COPENHAGEN (Reuters) - Maersk Tankers is testing the use of wind power to fuel its ships, a new technology it says can cut fuel consumption by up to 10 percent and help the industry reduce polluting emissions.
The move comes as the global shipping industry is suffering from rising oil prices and preparing for fuel costs to rise further by around a quarter, or some $24 billion, in 2020 when new rules limiting sulfur kick in.
The company has installed two 30-metre tall metal cylinders on board the Maersk Pelican, a Long Range 2 (LR2) product tanker vessel. The cylinders, or rotor sails, work as mechanical sails that spin to propel the vessel forward.
The Maersk Pelican will depart Rotterdam on Thursday for a test journey. If successful, Maersk Tankers, which shipping giant Maersk sold last year to its controlling shareholder and Japan’s Mitsui & Co for 1.71 billion, plans to install the cylinders on half its 164 vessels.

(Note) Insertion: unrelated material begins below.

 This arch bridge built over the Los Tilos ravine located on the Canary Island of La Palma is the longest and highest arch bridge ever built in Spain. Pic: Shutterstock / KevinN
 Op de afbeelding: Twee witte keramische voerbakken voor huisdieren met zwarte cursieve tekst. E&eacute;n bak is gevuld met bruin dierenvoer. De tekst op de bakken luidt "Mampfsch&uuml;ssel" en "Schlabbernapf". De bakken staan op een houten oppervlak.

The company did not specify what savings could amount to, but said an LR2 vessel on average uses around 35 tonnes of shipping fuel per day.
At the current price of high sulfur fuel of around $420 per ton, that would amount to yearly savings of as much as $365,000 if the vessel sails 250 days a year.
The change in regulations in 2020 forces a portion of the world’s fleet to switch to lower sulfur, but higher cost, fuels such as marine gasoil (MGO) and ultra low sulfur fuel oil.
The total global shipping fuel bill is roughly $100 billion a year, consultants Wood Mackenzie estimated in April.
Maersk Pelican is the third vessel to have the rotor sail technology installed. Norsepower, which delivered the technology, first installed it on a small cargo ship in 2014 and on a ferry sailing between Sweden and Finland in April this year.